Here’s a recipe for a frozen dessert that keeps in the freezer for weeks! Really … it does! What could be better but to make a dessert, store it in your freezer for several weeks and be able to go grab a piece any time you want? Nothing …. so what’s stopping you from making it?

This is a family recipe that originated with Randy’s mother, Pearl Goetz. I had it for the first time a week ago at Easter. I found it cool, refreshing and addicting! So be warned … this won’t be in your freezer for long.


  • 1/2 box Vanilla Wafers – crushed
  • 6 large bananas – sliced
  • 1/2 cup plus 3 tbsp butter-melted
  • 6 large bananas-sliced
  • 1/2 gallon vanilla ice cream
  • 1 1/2 cups walnuts – chopped
  • 1 cup chocolate chips
  • 1 1/4 cup Evaporated Milk
  • 2 cups plus 2 tbsp confectioners sugar
  • 1 1/2 tsp vanilla
  • 1 pint heavy cream


This dessert is prepared in stages.

Step 1: Crush Vanilla Wafers. Melt 3 tbsp butter and mix with the crumbs. Press into the bottom of a 9×13 baking pan. Slice the bananas and arrange them on the crumb crust. Remove the ice cream from its container. Using a large knife, slice the ice cream into 1-2 inch thick slices. Place over the bananas and gently press down. Sprinkle 1 cup of chopped walnuts over the ice cream. Cover the pan with plastic wrap or foil, and place in the freezer over night.

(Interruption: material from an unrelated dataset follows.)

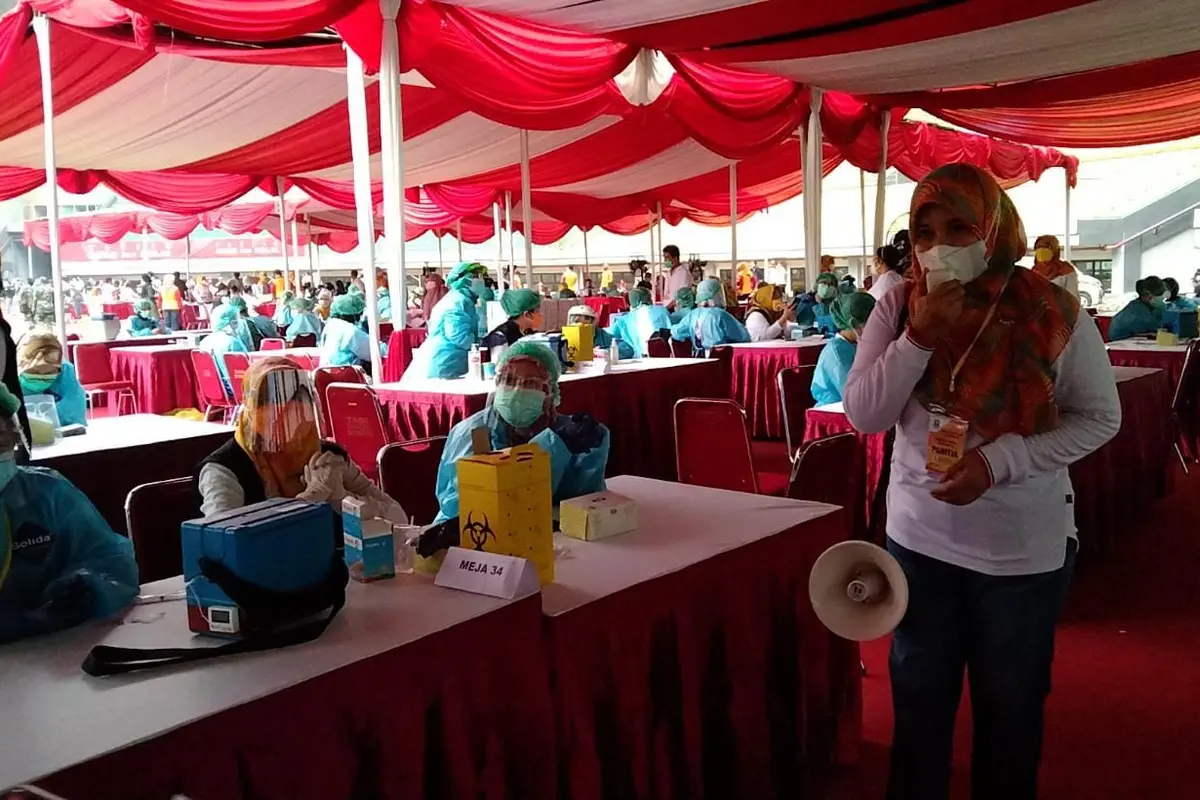 Vaksinasi massal Covid-19 di Kota Bekasi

Step 2:  Melt the chocolate chips and 1/2 cup butter. Add 2 cups powdered sugar, evaporated milk and 1 tsp vanilla. Cook until thick and smooth (5-10 minutes)-stirring to avoid scorching. Remove from stovetop and completely cool. When cool, spread chocolate mixture over the ice cream and walnuts. Cover the pan and return to the freezer for several hours.

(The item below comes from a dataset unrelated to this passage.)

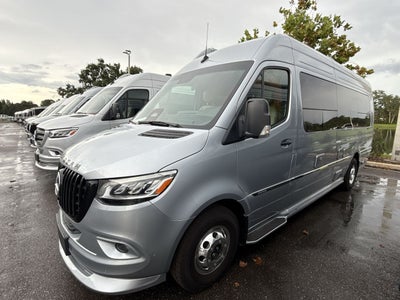 2026 Airstream 24GL 4x2 Passenger Base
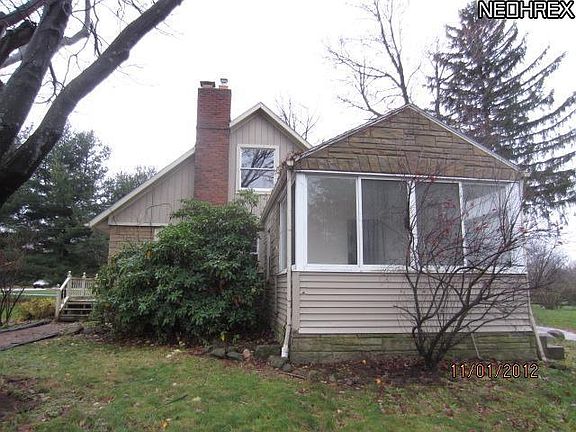 2nd image of 751 Northeast Ave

Step 3: Whip heavy cream with 2 tbsp powdered sugar and 1/2 tsp vanilla. Spread over chocolate covered ice cream mixture. Sprinkle with 1/2 cup chopped walnuts. Cover and freeze overnight.

Note: Serving is easier if dessert sits out in room temperature for 20-30 minutes before serving. Slice and serve. Will keep in the freezer, covered, for up to six weeks. Don’t worry — it won’t last that long!